Once the rapids are installed, construction enters another phase, installing a hydraulic
dam, and even invites the question of more development along the river’s edge.
“The river project — first of all, it’s huge, and its contribution and continuing of that
momentum just seems so obvious,” Heacock said. “I think GR was on a great trajectory pre-COVID-19. I think this will help us come out of that and not only continue that trajectory but enhance it.”
Downtown skate park
The Monroe North neighborhood — just past Interstate-196 — is getting a new,
temporary skate park, funded to the tune of $255,000 with construction that was
expected to begin in July.
The space, at 555 Monroe Ave. NW, was acquired by the city in the last several
years, and it’s been used for community programming since (a DGRI memo lists off
“public art, seating, movies, silent discos and yoga”). Because construction for the
WhiteWater Restoration project is expected to need the space in coming years, it’s
temporary — probably only about three years — but could be open as soon as this fall.
Medical Mile
“Medical Mile,” as the hospital-heavy, downtown stretch of Michigan Street is known, has been getting longer for years — and it still is, with two big projects unfolding simultaneously on either end extending the health care industry’s footprint in the growing downtown region.

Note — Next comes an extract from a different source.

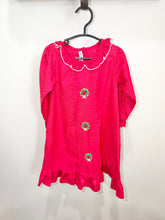 Load image into Gallery viewer, Sweet Dreams Wreath Nightgown Size 24m
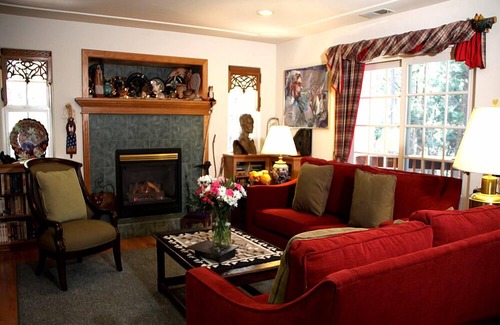 Twain Harte Cama Y Desayuno | McCaffrey House B&B Inn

Near the corner of Ottawa and Michigan, crews are busy building the Doug Meijer Medical Innovation Building, which broke ground on Nov. 18 last year. According to Michigan State University, the full project is a 205,000-square-foot space, expected to house the College of Human Medicine, Spectrum Health and BAMF Health once it opens.
Up the hill, near the intersection of Michigan Street and Prospect Avenue, Grand Valley State University’s DeVos Center for Interprofessional Health is under construction, too. The five-story building is set to include 14 interactive laboratories and 15 classrooms, according to the university, and should be finished on time in May next year, despite delays caused by
the coronavirus pandemic.
Van Andel Arena project
Construction unfolded this summer in front of Van Andel Arena, where crews were at work remodeling the plaza in front of the downtown area’s biggest venue. When the $2.1 million remodeling project began earlier this year, it was expected to finish before winter, adding new landscaping, trees, lighting and seating. It’s principally funded by DGRI.
Has Heart Café
Navy veteran Michael Hyacinthe leads the Grand Rapids nonprofit Has Heart, a veteran artist collaborative aiming to open a coffee shop on the grounds of Veteran’s Memorial
Park downtown. The group’s animating spirit is bound up in veterans, art and bridging
the divide between ex-military and civilian culture, and it’s greatly inspired by Daane
Deboer, the cousin of Hyacinthe’s wife, who was killed in 2010 while serving with the
Marines in Afghanistan.
“We were hoping to unveil a big fundraising campaign during ArtPrize, and unfortunately
COVID hit, and yes, that has disrupted life as we know it for that particular project,”
Hyacinthe said. “However, that project is still moving forward, and we’re hoping to start
construction, hopefully within the next several months. And … we’re meeting with the city to discuss what construction looks like.”
The group is still fundraising to meet a $250,000 goal, Hyacinthe said, and supporters can
help the group meet it at hasheart.us.
Amway Hotel remodeling
The Amway Grand Plaza launched a remodeling project in 2019 that’s brought a high-altitude crane to the edge of the river — perched for a while on the roof of its signature tower. When it was launched, the $40 million project was expected to replace the glass around the outside of the building, subtly changing the look of the skyscraper and bringing floor-to-ceiling windows to rooms throughout the building.